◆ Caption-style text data

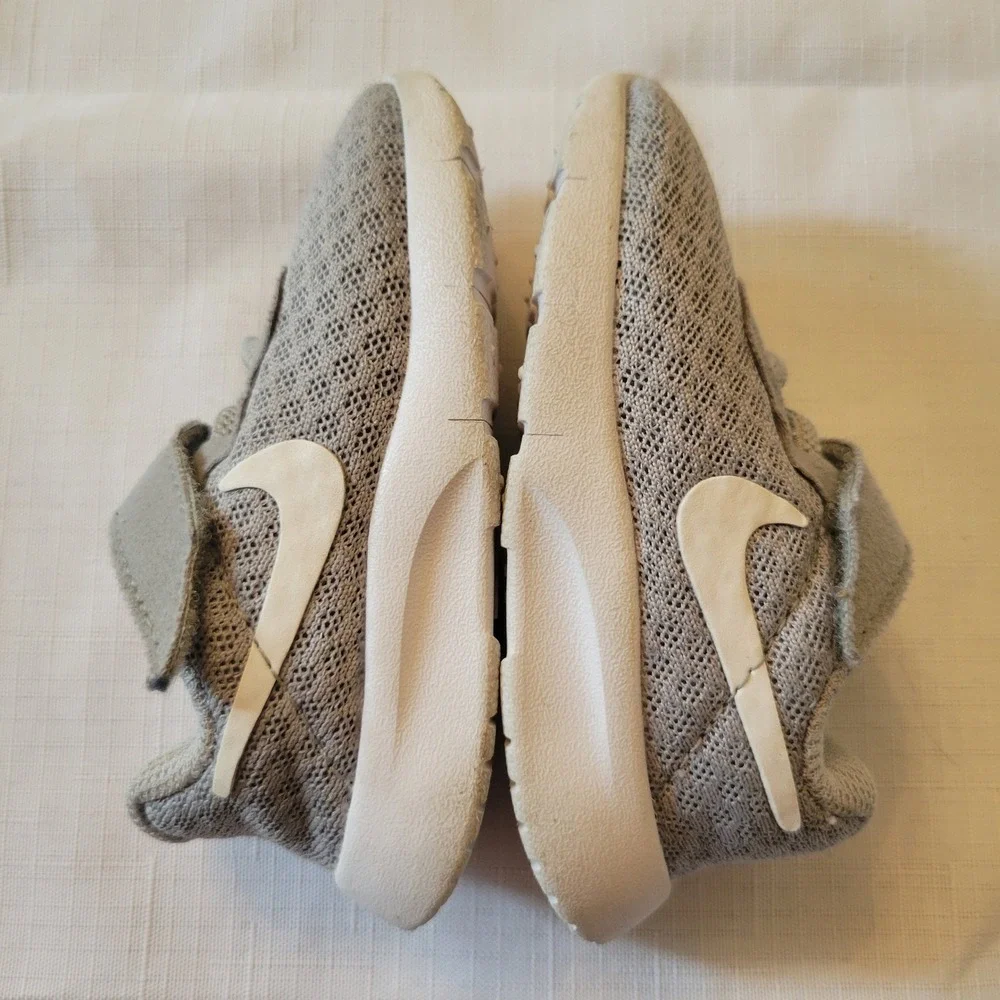 Nike 4C Sneakers Grey White Mesh Hook Loop Strap TANJUN Easy On Luxury Shoes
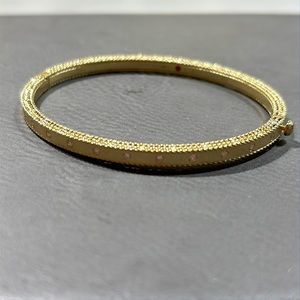 18kt yellow gold Princess Diamond hinged bangle bracelet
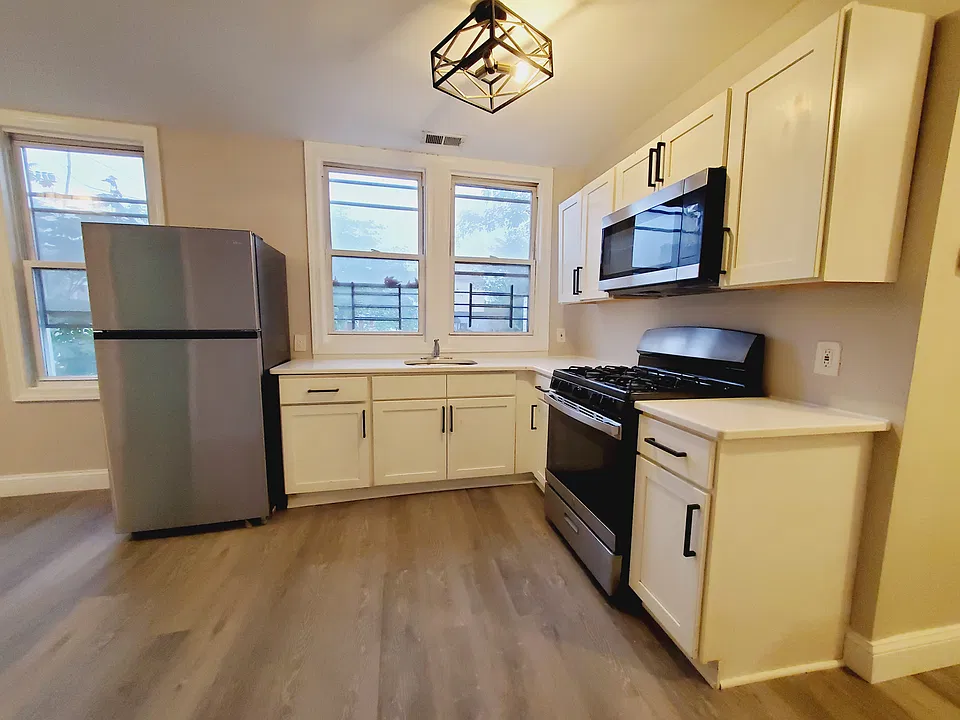 50 Greenville Ave #1F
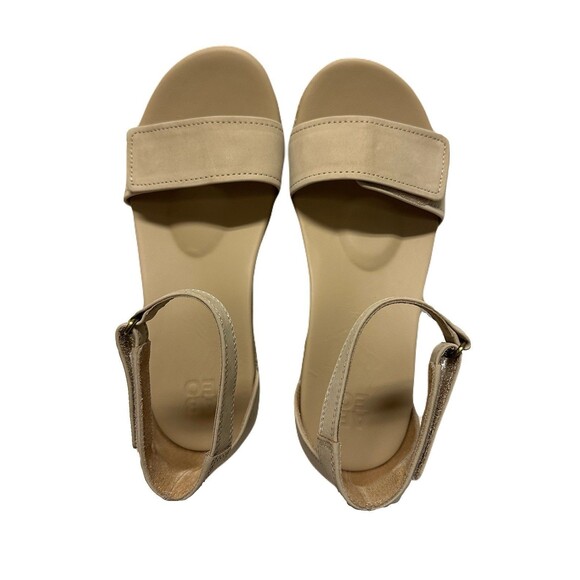 NEW ABEO Womens Size 7 Riviera Ankle Wedge Sandal w Metatarsal Pad Sand Nubuck - Picture 5 of 10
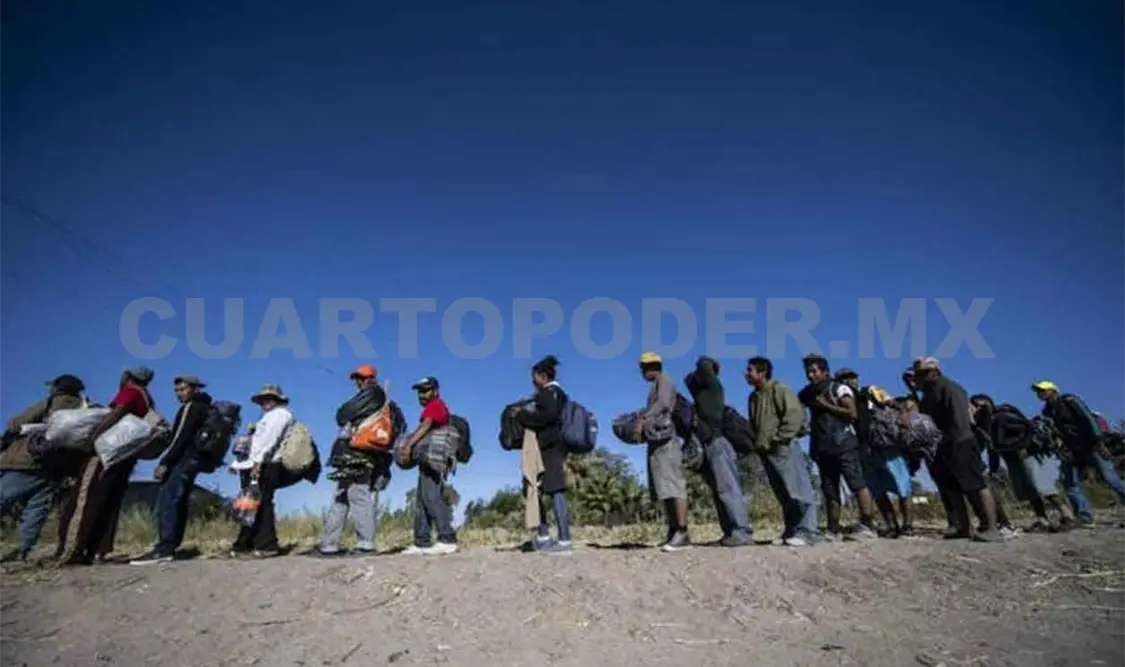 Centroamericanos utilizan panteón como refugio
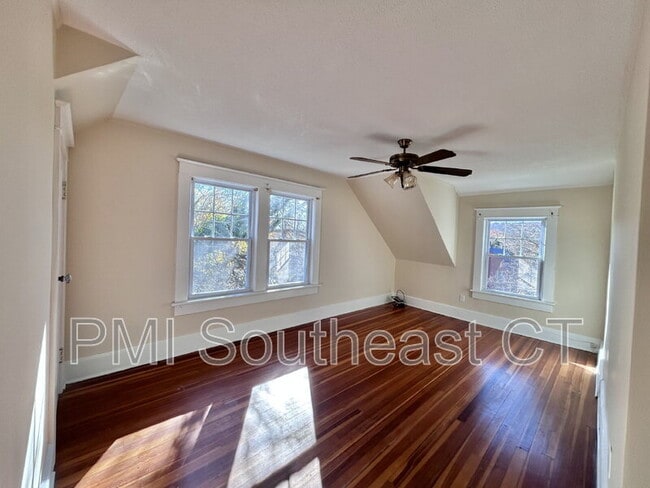 Building Photo - 142r Old Norwich Rd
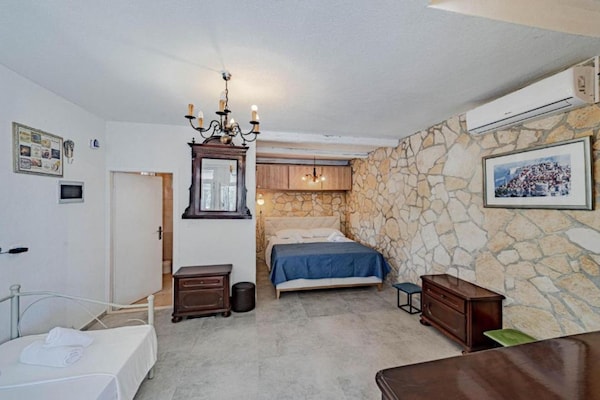 Natur Olive House Ston: Ruim vakantiehuis met zwembad voor 6 personen - thumbnail 2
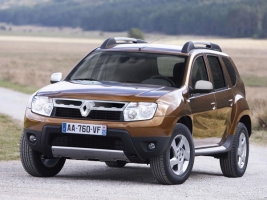   - Renault Duster  - !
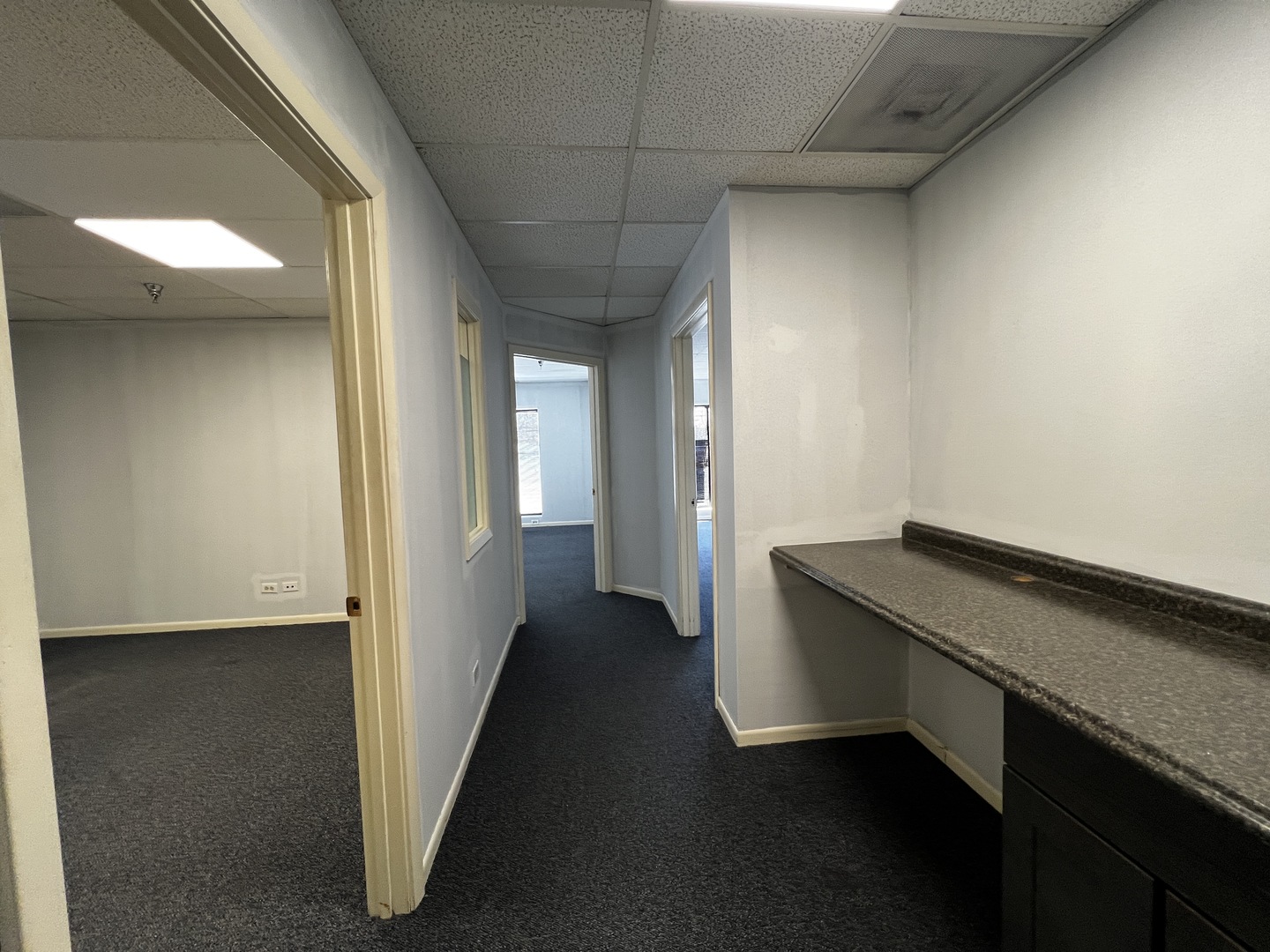 9944 S Roberts Road 201 Property Photo 12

◆ WHAT TO DO
Give again, word for word, the lines from the one containing "- Renault Duster" through the last line of the entries, with pictures omitted and nothing added.

◆ OUTPUT OF THE TASK
   - Renault Duster  - !
 9944 S Roberts Road 201 Property Photo 12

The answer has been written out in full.